- _Collected data_

══════

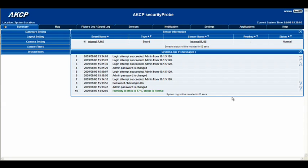Hello there and welcome to another tutorial from AKCP. Right now we're going to have a look at the basic setup of a camera to the security probe.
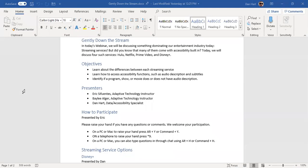Thank you so much for joining us. Today's webinar — we'll let a few more people come in, but I'll start talking about it. Today we are talking about streaming services, everybody. But before we get into that, I want to go over a few of the ways to communicate with us tonight.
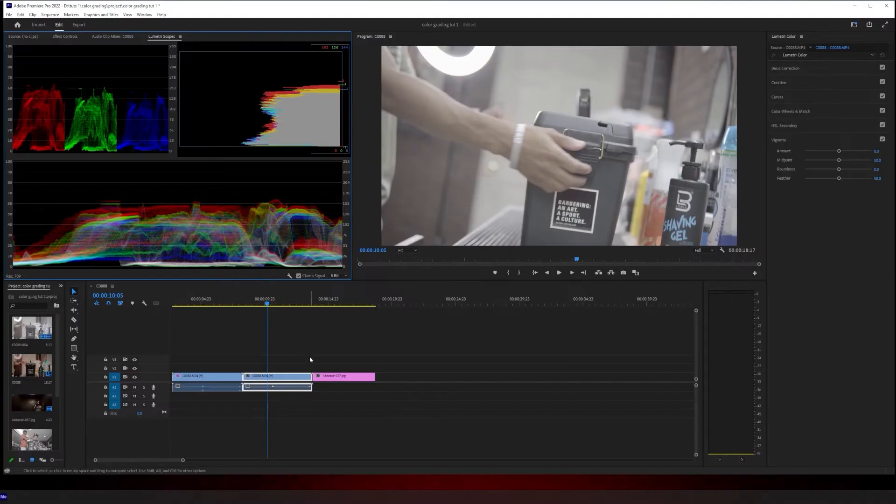Step one, correction LUT. Step two, color correction. Step three, getting the look that you want. And step four, touching up that look. So with no further ado, let's jump in the computer and get to work.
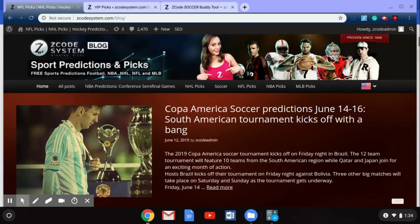This year's tournament should be another big and exciting one. You can go over to Z Code System and check out our blog about the Copa America soccer tournament and see some predictions for June 14th to the 16th — that's Friday, Saturday, and Sunday. You can check out the way we've previewed the games there, and we're going to talk about a couple of those games today on the Z Code System video, but you'll have to go over to the blog to check out a few more games that we profile and predict there.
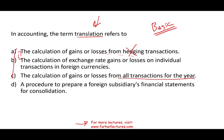By process of elimination, D is the answer: the procedure to prepare a foreign currency financial statement for consolidation. This is what translation is. The assumption is that the foreign subsidiary uses foreign currency, therefore you translate it — you convert that money to US dollars. How you translate it depends on the translation method.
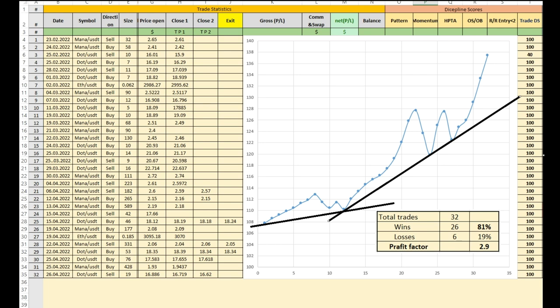As you can see here, my trade discipline score for most of the trades are 100 as per the path system, so I'm so happy because of that. Actually, I shared most of these trades on this forum as well, so you can see the trades also. All right, that's it. Hope you enjoy it.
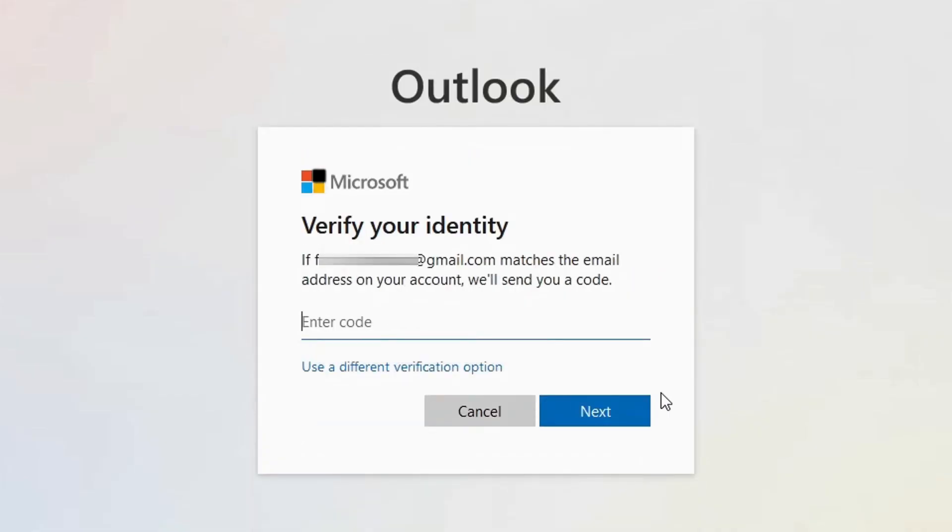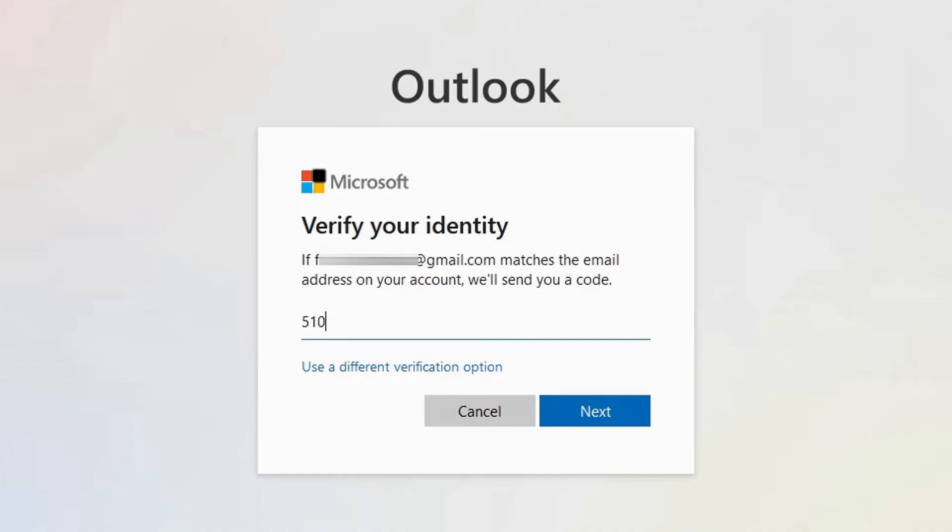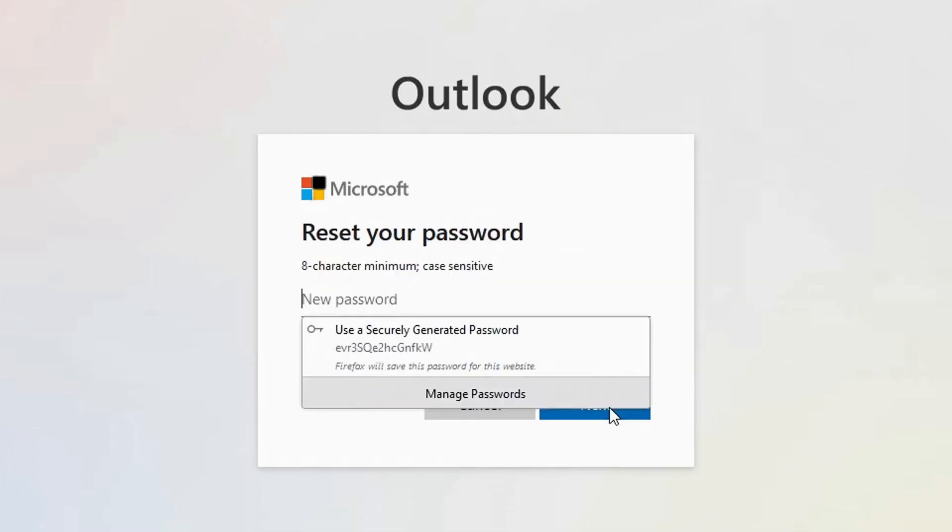Now this code will be sent to me. So I have to log into my recovery email. For instance, I'm using my Gmail account as my recovery email. So after entering the code, I just click on next.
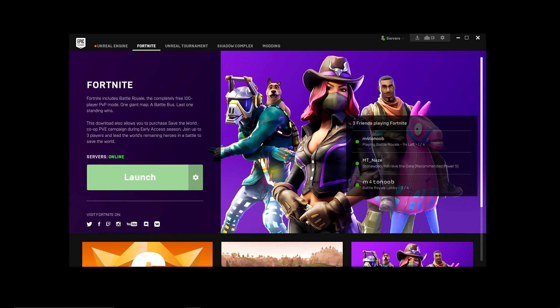Without further ado let's get straight into today's video. All right, so as I say I'm gonna keep this really sweet and short. A lot of you might still be running on this stable version of the Epic Games launcher.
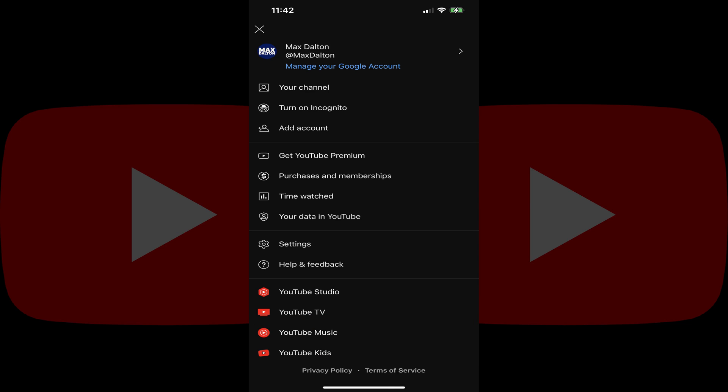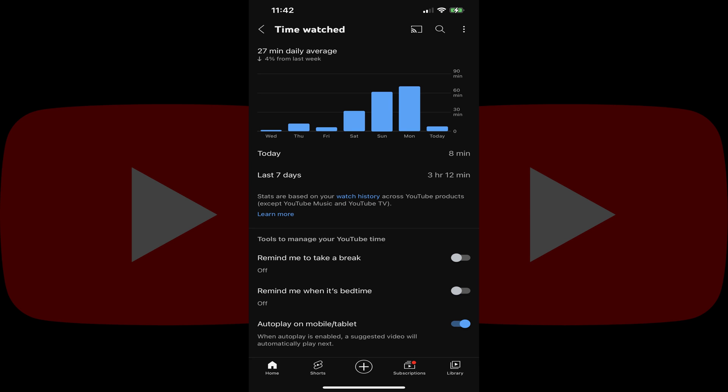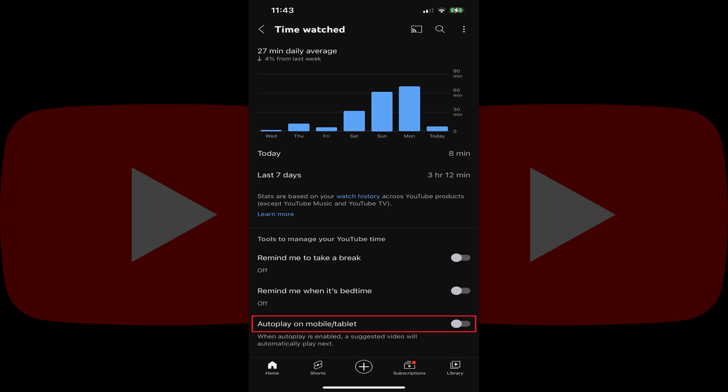Step 3: Tap Time Watched. The YouTube Time Watched screen is shown. Step 4: Scroll down to the Tools to Manage Your YouTube Time section, and then tap to toggle off autoplay on mobile or tablet.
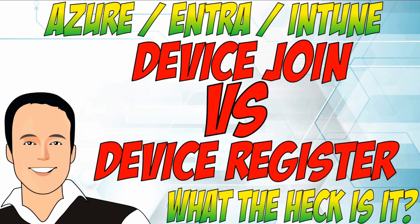Hey, this is John Christopher, and in this video we're going to explore the difference between device join versus device register in regards to Microsoft Azure, Entra, and Intune.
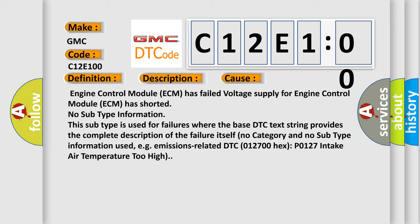No category and no subtype information used, e.g. emissions-related DTC 012700 hex P0127 intake air temperature too high.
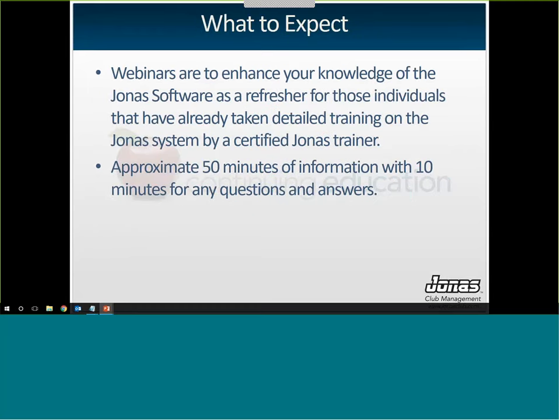What can you expect from this webinar? Webinars are there to enhance your knowledge of Jonas, so we do expect that you have a base knowledge. They're not a replacement for training. It's about 50 minutes of information with 10 minutes for Q&A. I find this one runs a little shorter, so we will have time for Q&A. I'll look at the chat box first, answer any questions there, and then unmute the phone lines for live questions.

══════

- _Work task_
Write down all the entries exactly, but not the pictures they hold.

- _Task solution_
Hello there and welcome to another tutorial from AKCP. Right now we're going to have a look at the basic setup of a camera to the security probe.
Thank you so much for joining us. Today's webinar — we'll let a few more people come in, but I'll start talking about it. Today we are talking about streaming services, everybody. But before we get into that, I want to go over a few of the ways to communicate with us tonight.
Step one, correction LUT. Step two, color correction. Step three, getting the look that you want. And step four, touching up that look. So with no further ado, let's jump in the computer and get to work.
This year's tournament should be another big and exciting one. You can go over to Z Code System and check out our blog about the Copa America soccer tournament and see some predictions for June 14th to the 16th — that's Friday, Saturday, and Sunday. You can check out the way we've previewed the games there, and we're going to talk about a couple of those games today on the Z Code System video, but you'll have to go over to the blog to check out a few more games that we profile and predict there.
By process of elimination, D is the answer: the procedure to prepare a foreign currency financial statement for consolidation. This is what translation is. The assumption is that the foreign subsidiary uses foreign currency, therefore you translate it — you convert that money to US dollars. How you translate it depends on the translation method.
As you can see here, my trade discipline score for most of the trades are 100 as per the path system, so I'm so happy because of that. Actually, I shared most of these trades on this forum as well, so you can see the trades also. All right, that's it. Hope you enjoy it.
Now this code will be sent to me. So I have to log into my recovery email. For instance, I'm using my Gmail account as my recovery email. So after entering the code, I just click on next.
Without further ado let's get straight into today's video. All right, so as I say I'm gonna keep this really sweet and short. A lot of you might still be running on this stable version of the Epic Games launcher.
Step 3: Tap Time Watched. The YouTube Time Watched screen is shown. Step 4: Scroll down to the Tools to Manage Your YouTube Time section, and then tap to toggle off autoplay on mobile or tablet.
Hey, this is John Christopher, and in this video we're going to explore the difference between device join versus device register in regards to Microsoft Azure, Entra, and Intune.
No category and no subtype information used, e.g. emissions-related DTC 012700 hex P0127 intake air temperature too high.
What can you expect from this webinar? Webinars are there to enhance your knowledge of Jonas, so we do expect that you have a base knowledge. They're not a replacement for training. It's about 50 minutes of information with 10 minutes for Q&A. I find this one runs a little shorter, so we will have time for Q&A. I'll look at the chat box first, answer any questions there, and then unmute the phone lines for live questions.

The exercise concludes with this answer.